Jembatan Sitti Nurbaya membentang sepanjang 156 meter di atas sungai Batang Arau, Kota Padang, Sumatera Barat. Menghubungkan pusat kota dengan Seberang Padang. Di seberang berdiri Gunung Padang yang dipercaya sebagai letak makam bekas tunangan Syamsul Bahri dalam Novel Siti Nurbaya Karangan Marah Rusli.
Baca juga:
Sejarah di mulai dengan dibangun tahun 1995 dengan menghabiskan dana Rp19,8 miliar. Anggaran dari pemerintah daerah dan pemerintah pusat, dibantu oleh Asian Development Bank (ADB) dan Overseas Economic Cooperation Fund (OECF).
Penggunaannya diresmikan pada pertengahan tahun 2002, ditandai dengan kehadiran pemeran drama televisi Sitti Nurbaya HIM Damsyik, Novia Kolopaking, dan Gusti Randa.
Keindahan Sungai Batang Arau Dari Jembatan
Saat asyik memotret lamat-lamat terdengar suara ketukan. Saya bergeser dan mencari lewat lensa. Rupanya seorang pekerja yang sedang memaku sesuatu di dermaga kayu di tepi sungai, tak jauh dari tempat saya berdiri. Di atasnya meliuk ranting pohon berdaun rimbun, membuat bayangannya hilang timbul saat angin bertiup. Di ujung satu lagi, ke bagian tengah sungai, seorang temannya juga sibuk memaku sesuatu pada dermaga yang mirip titian kayu.
Sayangnya saya tidak bisa berlama-lama mengarak sejarah jembatan siti nurbaya dalam kenangan. Lain waktu mungkin akan kembali ke kota Padang – Sumatera Barat ini. Pesawat kami akan take off pukul sebelas lewat.
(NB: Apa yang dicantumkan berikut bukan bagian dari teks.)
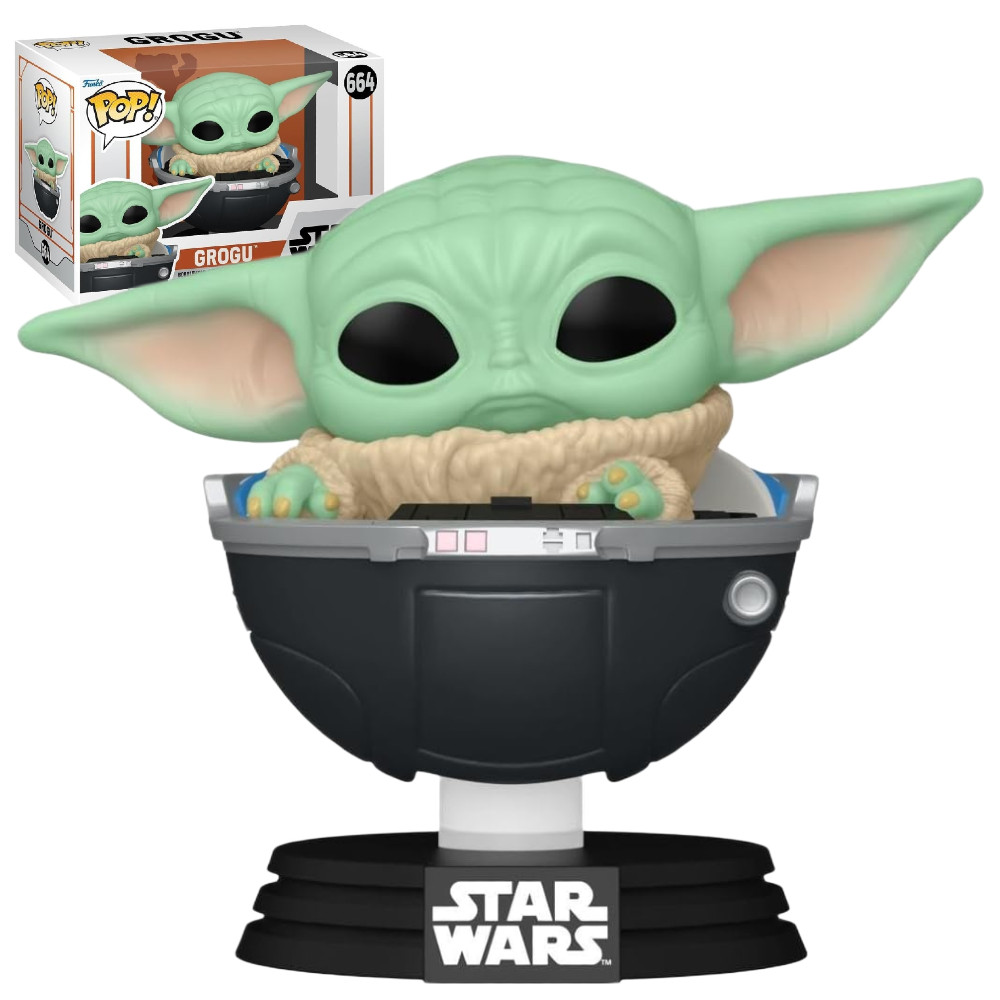 Funko Pop Star Wars Figurka Grogu 664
Sebelum kembali ke mobil, saya menatap tiang-tiang lampu panjang yang berjejer seperti memagari tangan jembatan.
Sore nanti saat mentari beranjak turun, di bawah lampu-lampu itu, di jalan setapak di kiri-kanan, akan diisi para pedagang makanan. Di tambah lampu-lampu dari dermaga dan perahu yang bersandar akan merubah tempat ini jadi romantis. Sambil mengudap pisang bakar, kue, mie rebus dan kopi dengan view remang-remang dari Batang Arau entah siapa yang akan berpikir bahwa seorang penulis seperti Marah Rusli adalah pembuat sejarah.
Baca juga:
Cerita Siti Nurbaya yang bersal dari kisah fiksi, berlanjut jadi legenda rakyat dan kemudian terwujud dalam realita.
Siti Nurbaya tak hanya tentang jembatan dan pusara, ia juga menjelma jadi pertunjukan sandiwara, ide drama, film dan kisah sinetron.
Tanpa nama Siti Nurbaya, alat penyebarangan ini akan tetap dibangun pemerintah. Karena masyarakat membutuhkan penghubung antara pusat kota dengan Seberang Padang yang terpisah oleh Sungai Arau.
Namun tanpa nama Jembatan Siti Nurbaya Padang, titian ini tidak akan seikonis sekarang. Dengan hanya menyebut nama Siti Nurbaya orang langsung mengingat Kota Padang. Begitu lah bila pena atau keyboard kalau sudah bicara.